# EXERCISE DETAILS:
Please write out exactly the lines of the data below from the line holding "Audi A4 thumbnail image number 21" through the line holding "Warga mencari informasi", and leave out the rest.

[Records from a data collection]
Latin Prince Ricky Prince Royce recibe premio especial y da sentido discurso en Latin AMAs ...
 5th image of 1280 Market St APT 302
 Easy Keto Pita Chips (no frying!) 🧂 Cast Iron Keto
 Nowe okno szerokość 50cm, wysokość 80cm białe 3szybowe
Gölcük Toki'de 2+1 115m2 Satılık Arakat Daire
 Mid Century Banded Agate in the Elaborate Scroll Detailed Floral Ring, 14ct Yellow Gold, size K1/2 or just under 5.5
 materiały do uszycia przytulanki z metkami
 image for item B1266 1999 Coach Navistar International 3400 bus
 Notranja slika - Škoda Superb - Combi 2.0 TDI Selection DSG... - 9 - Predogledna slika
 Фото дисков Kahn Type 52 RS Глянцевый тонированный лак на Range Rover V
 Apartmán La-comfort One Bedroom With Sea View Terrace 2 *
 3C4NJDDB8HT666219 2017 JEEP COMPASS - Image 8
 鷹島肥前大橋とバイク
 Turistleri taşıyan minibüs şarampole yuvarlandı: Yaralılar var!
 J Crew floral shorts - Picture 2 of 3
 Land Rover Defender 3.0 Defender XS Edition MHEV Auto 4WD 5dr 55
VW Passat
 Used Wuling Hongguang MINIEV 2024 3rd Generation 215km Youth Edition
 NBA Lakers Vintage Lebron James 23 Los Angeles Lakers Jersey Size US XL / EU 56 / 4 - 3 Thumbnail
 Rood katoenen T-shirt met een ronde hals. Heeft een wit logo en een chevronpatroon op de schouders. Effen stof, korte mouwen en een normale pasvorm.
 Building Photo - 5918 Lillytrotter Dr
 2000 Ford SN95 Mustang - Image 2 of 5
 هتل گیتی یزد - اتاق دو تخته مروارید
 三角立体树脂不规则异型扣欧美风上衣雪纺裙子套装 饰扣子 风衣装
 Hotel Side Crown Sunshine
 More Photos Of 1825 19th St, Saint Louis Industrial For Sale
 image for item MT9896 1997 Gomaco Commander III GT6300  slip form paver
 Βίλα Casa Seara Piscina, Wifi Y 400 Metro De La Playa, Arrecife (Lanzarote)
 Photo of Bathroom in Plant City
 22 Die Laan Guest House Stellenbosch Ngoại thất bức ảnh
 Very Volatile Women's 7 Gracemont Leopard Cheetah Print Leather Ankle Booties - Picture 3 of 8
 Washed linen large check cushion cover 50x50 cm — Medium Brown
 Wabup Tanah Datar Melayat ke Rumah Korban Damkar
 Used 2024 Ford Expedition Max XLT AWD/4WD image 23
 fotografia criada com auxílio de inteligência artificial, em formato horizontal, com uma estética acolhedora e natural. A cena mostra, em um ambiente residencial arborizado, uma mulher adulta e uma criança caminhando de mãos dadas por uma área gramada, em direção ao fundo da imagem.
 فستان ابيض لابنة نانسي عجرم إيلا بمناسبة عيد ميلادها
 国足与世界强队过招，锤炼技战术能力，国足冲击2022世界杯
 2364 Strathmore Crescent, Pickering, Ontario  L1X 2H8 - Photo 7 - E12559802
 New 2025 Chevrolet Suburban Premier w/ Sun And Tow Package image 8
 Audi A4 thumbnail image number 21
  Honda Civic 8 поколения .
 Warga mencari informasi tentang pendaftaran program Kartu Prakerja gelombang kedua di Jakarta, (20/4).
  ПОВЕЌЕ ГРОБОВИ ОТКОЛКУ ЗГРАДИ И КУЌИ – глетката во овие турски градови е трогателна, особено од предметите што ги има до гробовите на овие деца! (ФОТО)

# ANSWER FOR THIS EXERCISE:
 Audi A4 thumbnail image number 21
  Honda Civic 8 поколения .
 Warga mencari informasi tentang pendaftaran program Kartu Prakerja gelombang kedua di Jakarta, (20/4).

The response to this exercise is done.